Stipendi al merito: prima i funzionari poi i docenti
Corriere del Ticino, 18 novembre 2010
Sulla scheda per la votazione cantonale del 28 novembre prossimo viene posta la domanda: «Volete accettare la Legge che modifica
la legislazione in materia di pubblico impiego?». Una formulazione un po' ampollosa dovuta al fatto che si tratta di un decreto che concerne
diverse leggi. Ma questa formulazione finisce con il nascondere il vero problema sul tappeto: la legge sugli stipendi, in particolare gli articoli
che introducono la retribuzione basata sulla valutazione del merito.

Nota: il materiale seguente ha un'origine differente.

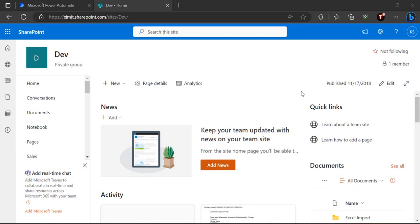Hi everyone, welcome back to the channel. In today's video we are going to see how we can create document sets and have Power Automate workflows running on document sets. We are going to divide this video into two parts: in the first part I'll show how to create document sets and the document set content type, and in the second part I'll cover an approval flow where all documents under a document set get approved in one shot.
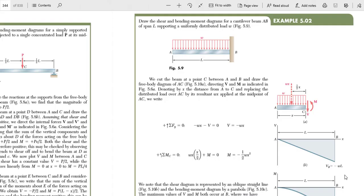Hello guys, welcome to Impulse. Today we will solve the second problem of Mechanics of Materials in SOLIDWORKS and learn how to do simulation in SOLIDWORKS. The question is: draw the shear and bending moment diagram for a cantilever beam AB of span L supporting a uniformly distributed load W.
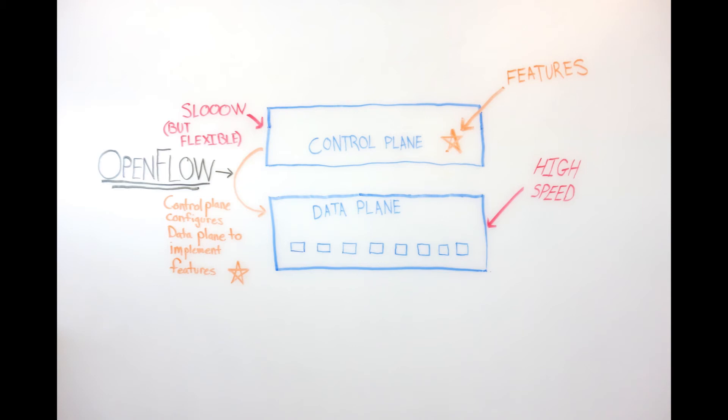But the features of the switch, the things that determine what kind of high-speed forwarding rules to put in the data plane, are now running on a centralized controller. And it's software running on a server. Controllers are essentially built on top of conventional servers. A controller might be open source, or it might be something that's provided by a commercial company.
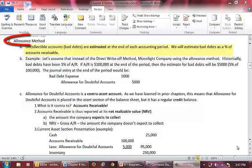Hello. This is Part 2 of the Chapter 8 Lecture Series on Accounting for Bad Debts using the Allowance Method. Under the Allowance Method of Accounting for Bad Debts, the amount of uncollectible accounts is estimated at the end of each period. We will estimate bad debts as a percentage of accounts receivable.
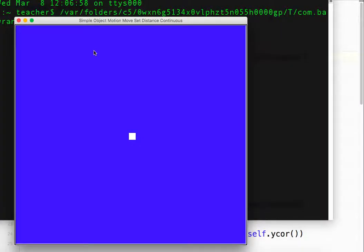Okay, so I've got an object on the screen. If I push the left arrow, it keeps moving. Up arrow, right arrow, down arrow.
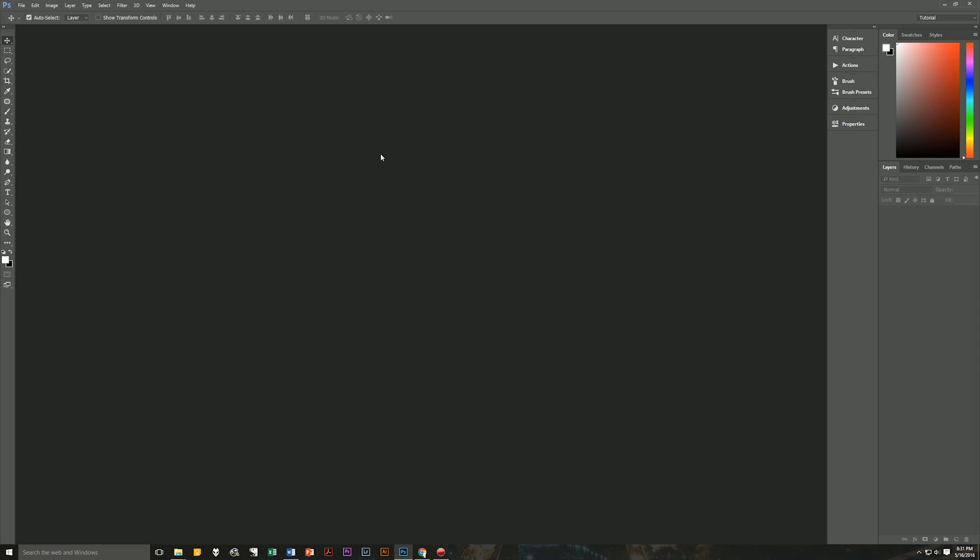First, before we begin, a couple of assumptions. Assumption number one, I am using Photoshop CC 2015. If you're using an earlier version of Photoshop, then some of the effects may not work the same.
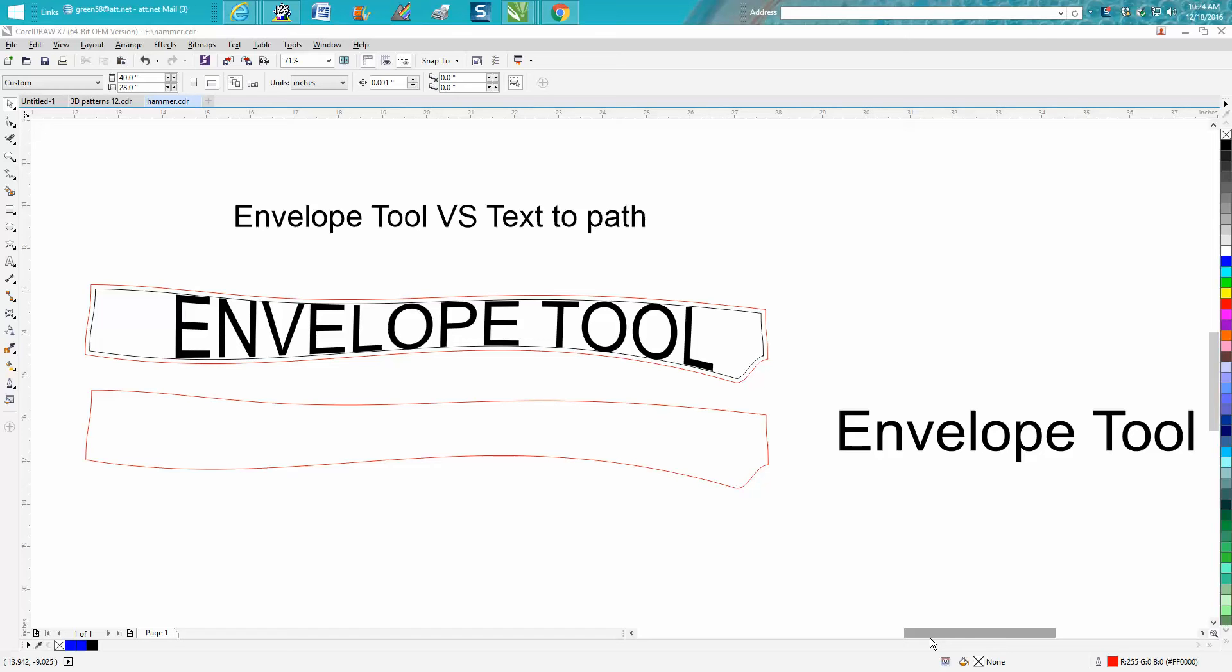Hi, it's me again with CorelDraw Tips and Tricks. Somebody watched my video from yesterday on how to engrave on this hammer handle and they asked why didn't you use the envelope tool?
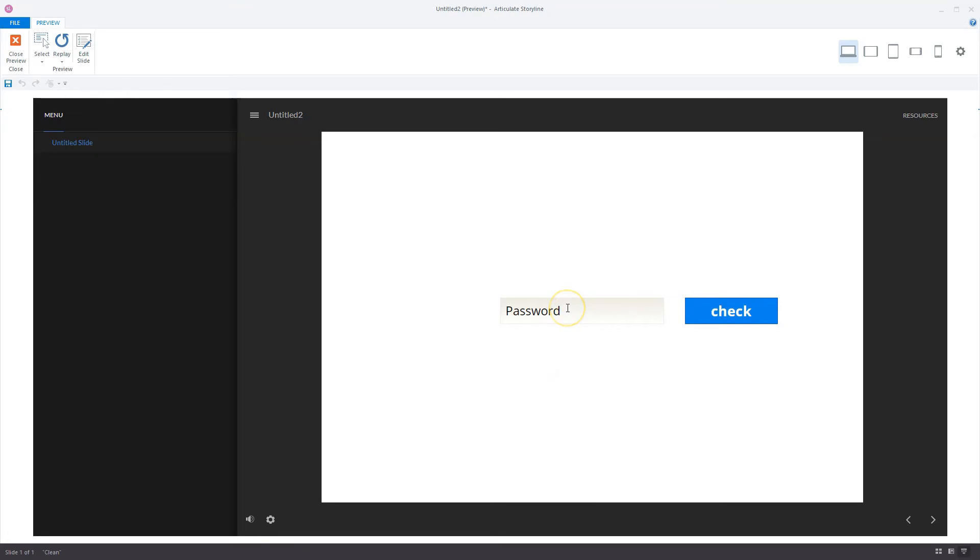You can also create a warning message if the password wasn't correct. But what you saw, the only thing here is that the password is visible. If you don't want this, there is another solution, and I want to show you the solution right now.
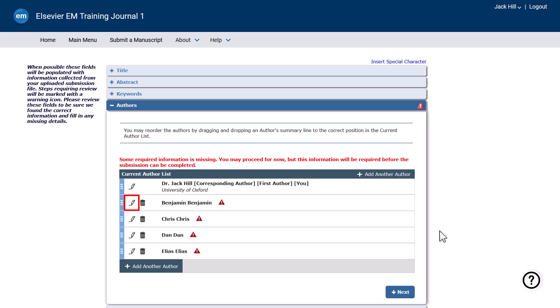Click the pencil icon next to an author name to open the edit window, or click add another author to add an additional author to the list.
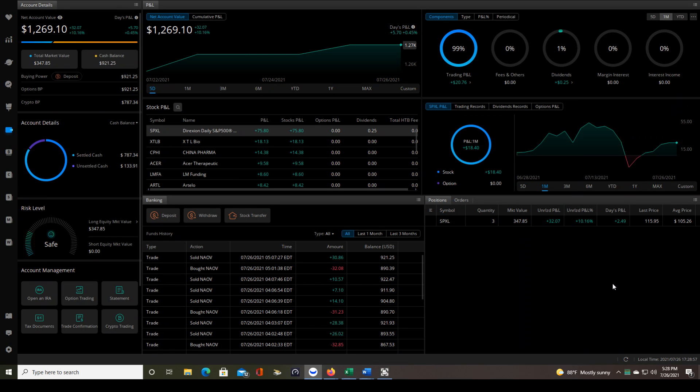Good afternoon, traders. In this video, I want to teach you how to read the net account value and cumulative P&L on your Webull desktop platform.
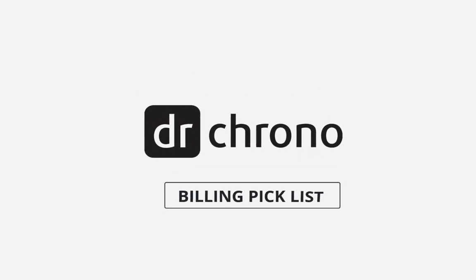Hello and welcome. In this video, we'll be taking a quick look at the billing picklist in Dr. Chrono.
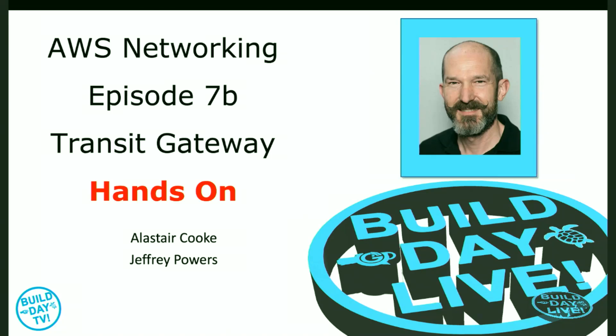So we learned about the Transit Gateway, now we get to find out how it all works. It's the hands-on part of AWS Networking and Build Day TV. Jeffrey Powers here with Alistair Cooke. How's it going, Alistair? It's good today. Awesome.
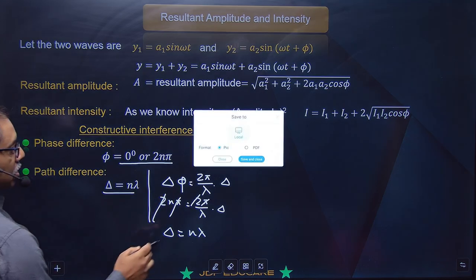Next question: Two identical coherent waves each of intensity I0 are producing an interference pattern. Value of resultant intensity at a point of constructive interference: cos φ = 1, I1 = I0, I2 = I0, toh 4I0. Destructive ke liye: 0.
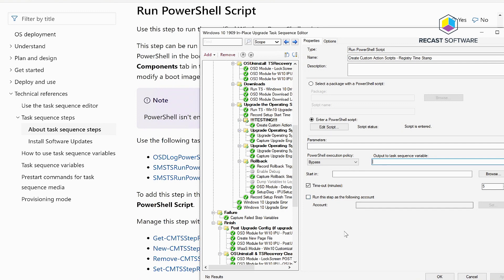So today's tip, running PowerShell scripts in your task sequence. We look forward to seeing you for the next tip.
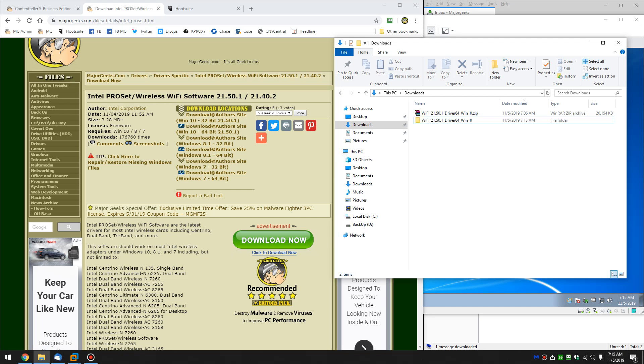And as always, at the bottom right corner is our little Major Geeks logo. If you click on that, that will allow you to subscribe to our channel, which we would appreciate. And as always, we thank you for watching, and hopefully we'll see you again soon.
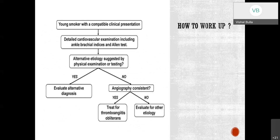When a young smoker presents with a compatible clinical presentation, a detailed cardiovascular examination should be taken, including ankle-brachial indices and Allen's test to assess the patency of the radial and ulnar arteries. If an alternate etiology is suggested by physical examination, evaluate for alternate diagnosis. If not, proceed to investigation with angiography. If angiography findings are consistent with TAO, confirm diagnosis; if not, evaluate for other arteriopathies.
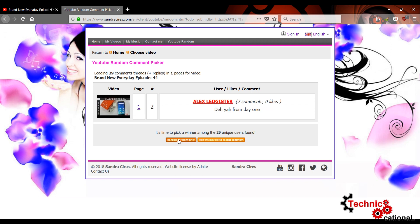So the winner is Alex Legista and his comment is there from day one. Really? You need to comment more then, man, because you know, some people there from day one but they make their presence known, so comment.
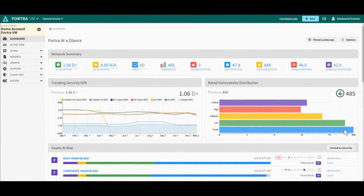Welcome to this short demo on active and smart labels. In the context of network scanning, labels organize your assets and vulnerabilities. For example, you could have a label for assets running on Windows and another for easy-to-fix vulnerabilities.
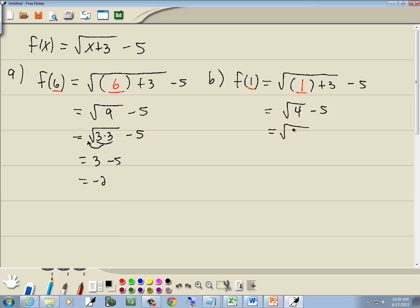4 is 2 times 2 minus 5. The square root means we're looking for a pair of somethings — here's a pair of 2s, so the pair of 2s comes out in front as a single 2. So we've got 2 minus 5, which gives us negative 3.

Altri hanno già esposto esaurientemente i motivi per cui si invita a respingere questa riforma e mi limito quindi a riassumerli.
I nuovi meccanismi di progressione dei salari saranno meno trasparenti rispetto alla situazione attuale basata sugli scatti di anzianità,
potranno generare rivalità tra gli impiegati di un medesimo settore, favoriranno essenzialmente le classi di stipendio più alte e,
essendo la valutazione delle prestazioni pur sempre soggettiva, potranno prestarsi a favoritismi ed abusi clientelari.
C'è però un aspetto del problema, quello dei docenti, su cui vorrei fare alcune considerazioni, benché la proposta di meritocrazia non
coinvolga, per ora, questa categoria di dipendenti pubblici. Ma è bene sottolineare «per ora».
Nel messaggio governativo e nel rapporto commissionale la questione è liquidata in poche righe: per i docenti rimangono le
classificazioni attuali in quanto risulta difficile applicare in ambito scolastico le stesse modalità di valutazione che saranno
adottate negli altri settori dell'amministrazione. È già un'ammissione che la messa in atto delle valutazioni in ambiti delicati
(oltre alla scuola si potrebbero citare la polizia e l'organizzazione sociopsichiatrica) dovrà confrontarsi con non pochi ostacoli.
Ma, a mio avviso, il vero motivo del perché la scuola resta per ora al riparo dalla meritocrazia è un altro, legato a un preciso calcolo politico.
Consiglio di Stato e Gran Consiglio hanno rinunciato ad applicare subito la valutazione delle prestazioni anche ai docenti cantonali e
comunali semplicemente per attutire le prevedibili opposizioni. Sotto sotto speravano forse che, limitando il provvedimento ai soli impiegati,
avrebbero potuto evitare il referendum. Speranza sonoramente smentita dalle oltre diecimila firme raccolte in piena estate.
Ma i docenti non devono e non possono illudersi. Se, malauguratamente, la nuova legge sugli stipendi dovesse essere accolta il prossimo
28 novembre, non dovremo attendere molto per trovarci confrontati con la sua estensione ai docenti. E le avvisaglie ci sono già.
Mi riferisco all'editoriale dello scorso 11 novembre del quotidiano «la Regione» che conclude: «Ben venga dunque la valutazione
del lavoro (magari estesa anche ai docenti)», alle mezze ammissioni dell'on. Sadis a «Falò» lo stesso giorno e anche alle promesse
elettorali di un autorevole candidato alla successione di Gendotti.
Faccio quindi un caldo appello a tutti i docenti cantonali e comunali affinché si mobilitino a votare e far votare no, prima di tutto per
un senso di solidarietà verso le altre categorie del pubblico impiego, ma anche perché la prossima volta toccherà a loro.